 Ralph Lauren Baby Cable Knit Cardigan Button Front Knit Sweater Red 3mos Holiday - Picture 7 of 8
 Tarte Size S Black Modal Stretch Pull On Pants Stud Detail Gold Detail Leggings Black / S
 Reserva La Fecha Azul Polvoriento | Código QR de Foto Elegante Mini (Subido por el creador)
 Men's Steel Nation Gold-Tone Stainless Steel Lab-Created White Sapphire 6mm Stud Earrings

...

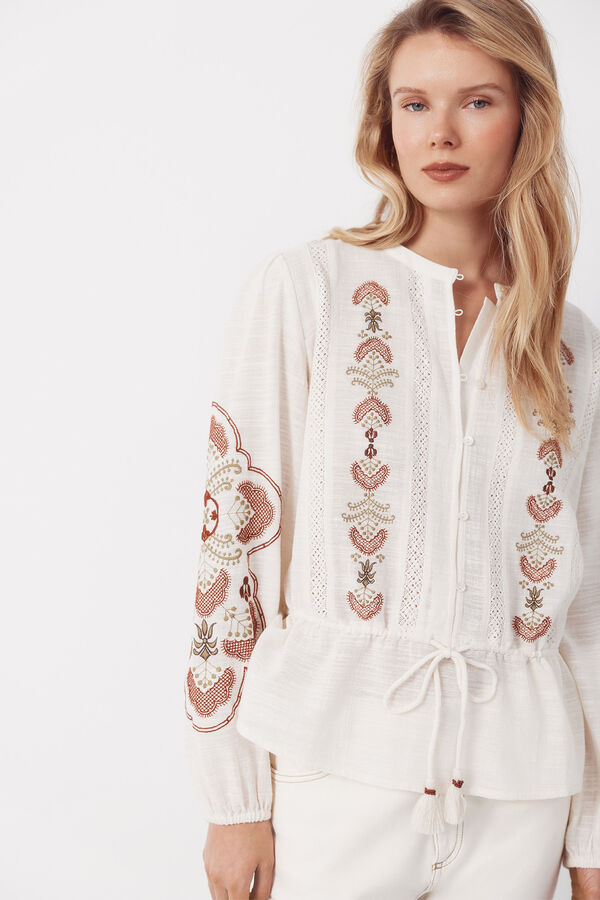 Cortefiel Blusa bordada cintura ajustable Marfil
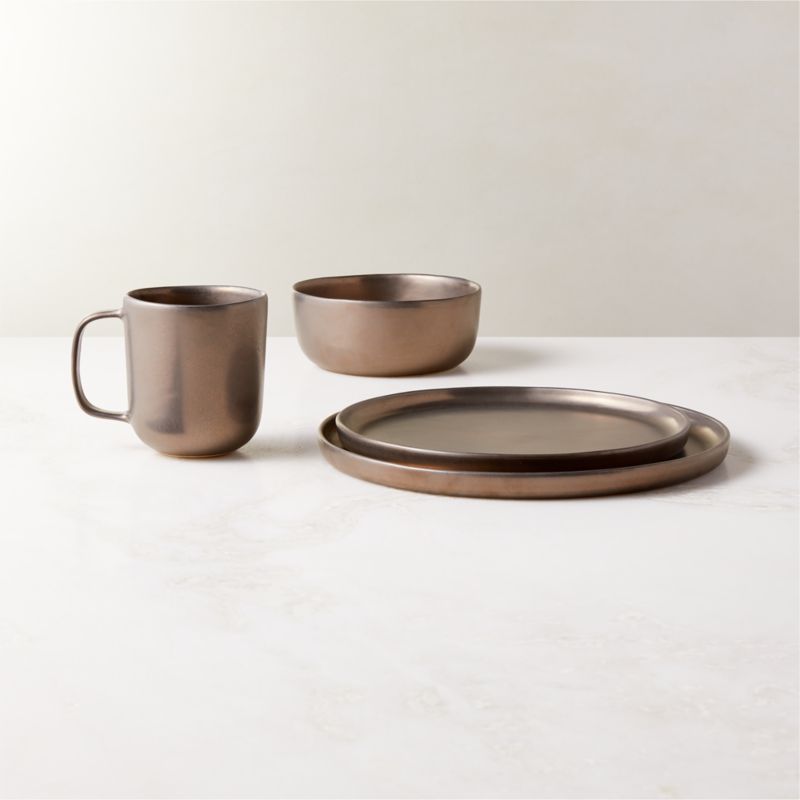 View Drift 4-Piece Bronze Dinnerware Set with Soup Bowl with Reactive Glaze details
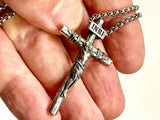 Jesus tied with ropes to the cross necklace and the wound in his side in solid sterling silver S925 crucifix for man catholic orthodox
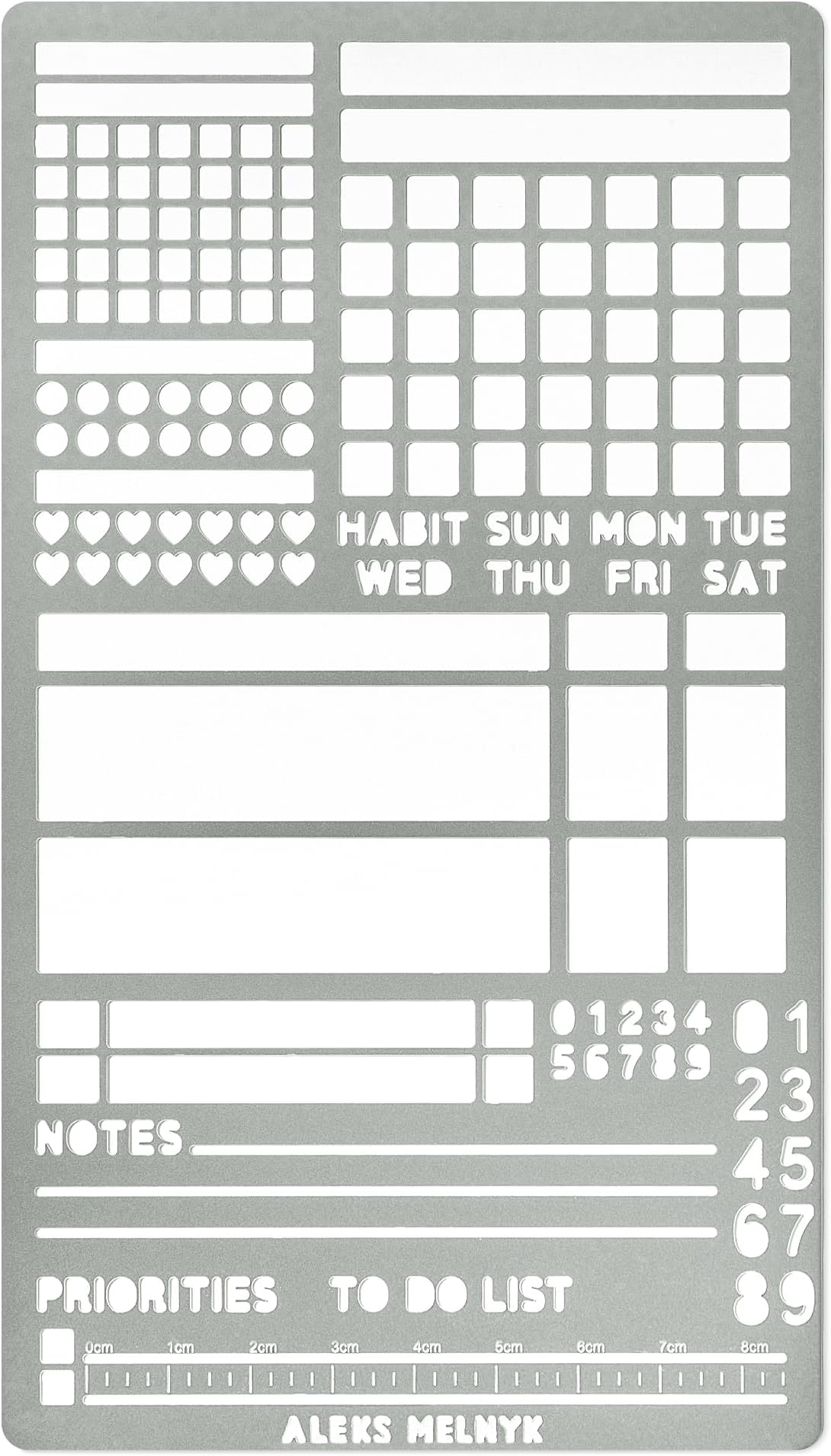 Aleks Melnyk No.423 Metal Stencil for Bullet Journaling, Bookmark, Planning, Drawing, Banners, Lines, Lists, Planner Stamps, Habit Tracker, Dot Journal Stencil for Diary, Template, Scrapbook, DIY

--

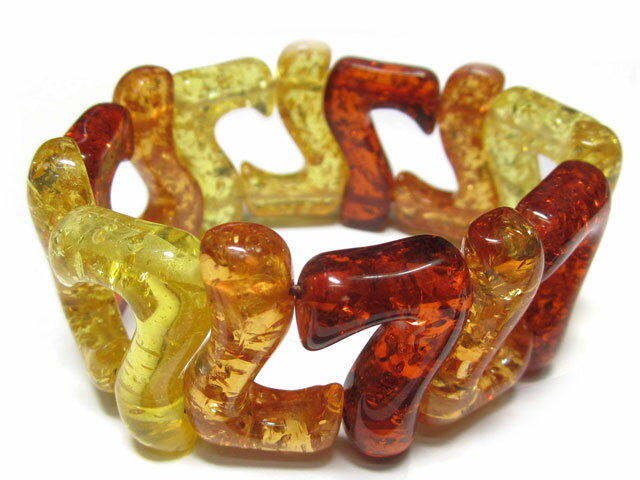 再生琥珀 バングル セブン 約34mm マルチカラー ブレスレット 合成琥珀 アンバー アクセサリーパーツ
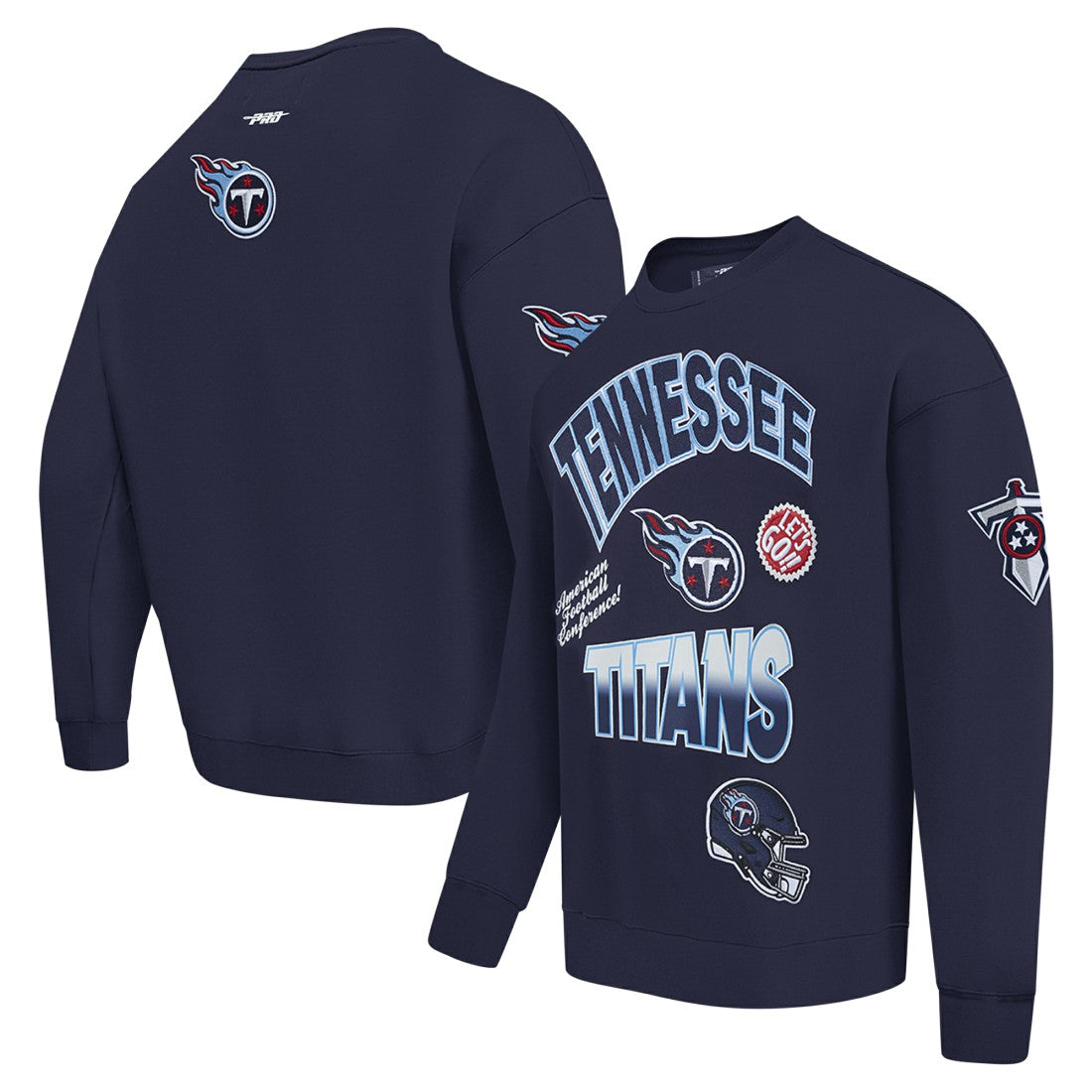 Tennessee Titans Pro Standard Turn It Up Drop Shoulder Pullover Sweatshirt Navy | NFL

### PROBLEM
From the data above, return every line from the line that has "Ralph Lauren Baby" up to and including the line that has "Men's Steel Nation", exactly.

### WRITTEN ANSWER
 Ralph Lauren Baby Cable Knit Cardigan Button Front Knit Sweater Red 3mos Holiday - Picture 7 of 8
 Tarte Size S Black Modal Stretch Pull On Pants Stud Detail Gold Detail Leggings Black / S
 Reserva La Fecha Azul Polvoriento | Código QR de Foto Elegante Mini (Subido por el creador)
 Men's Steel Nation Gold-Tone Stainless Steel Lab-Created White Sapphire 6mm Stud Earrings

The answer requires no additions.